Vi è qui l’auspicio affinché la politica statunitense ritorni a disegnare un orizzonte integrante e rassicurante per i nuovi soggetti statuali, perché “i BRICS restano un fattore” ma semplicemente non “il solo fattore” in grado di garantire una leadership globale.
Il secondo articolo, intitolato “BRICS sul punto di collassare poiché i membri non mostrano coesione” (BRICS in danger of collapsing as members fail to cohere), è stato pubblicato sul quotidiano sudafricano “The Business Day” il 9 ottobre 2015.
Gli autori, Daniel e Virk, pongono l’accento sulle disparità economiche fra i cinque Paesi e sulla loro inconsistenza quando si parla di strategie di governance globale su temi come la “Responsibility to Protect”.
Gli autori concludono che “le differenti priorità ed aspettative [dei BRICS] potrebbero indebolire il loro sforzo collettivo volto alla creazione di un ordine mondiale equo e democratico”.
Entrambi i punti di vista sono validi e soprattutto sono indicativi di una crescente attenzione/ossessione a proposito dei BRICS.
Questa preoccupazione nei riguardi dei BRICS, specie nella riflessione di Daniel e Virk, rende in modo plastico la precarietà stessa del concetto; le ultime analisi hanno derubricato l’acronimo BRICS in RICS, esludendo il Brasile che è caduto in una crisi per certi versi illogica, mostrando sia l’eterogeneità delle varie economie e sia l’incapacità di esprimere una sintesi unitaria di governance globale che siano disancorate dai contesti macroeconomici di riferimento.
Solo la Cina costituisce un capitolo a parte; ha la storia, il pensiero e la leadership che ne fanno una specificità.
La crisi del Brasile indica come, nell’attuale paesaggio globale, la sfida alla legittimità dei BRICS possiede una sua validità, considerata la natura di un mondo multipolare in evoluzione dove i nuovi centri di potere economico e politico si determino in funzione delle crisi regionali e dei correlati nuovi nazionalismi.
Il quadro sistemico di precarietà e di mobilità strategica impedisce qualsiasi opzione di governance classica, perche, in fin dei conti, l’interdipendenza strategica sottostà a quasi tutte le transazioni globali.
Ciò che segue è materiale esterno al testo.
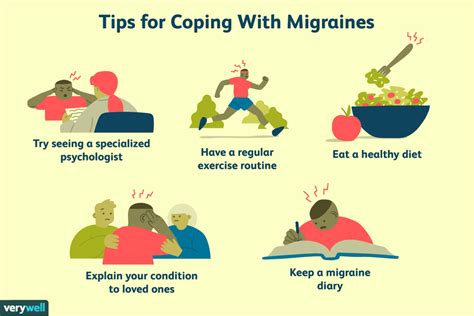 Migraines Coping Support And Living Well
In tal modo, mentre una volta si sosteneva che “quando gli USA starnutiscono il mondo intero si prende un raffreddore”, oggi il raffreddore viene trasmesso da un’orchestra di differenti e spesso esiziali starnuti.
In questo senso, e con maggiore serenità pragmatica, qualsiasi previsione sui nuovi player mondiali (BRICS-RICS etc…) costituirà sempre una riflessione ragionevole ma suscettibile di continua revisione, solo gli USA (ancora) e la Cina giustificano affermazioni più certe sul ruolo nella governance globale.
Quello che è costante e continuerà ad esserlo, è la continua formazione di differenti centri di potere nell’attuale arena geopolitica.
Sanusha Naidu chioserebbe che “serve comprendere quanto sia diventato frammentato il sistema internazionale”.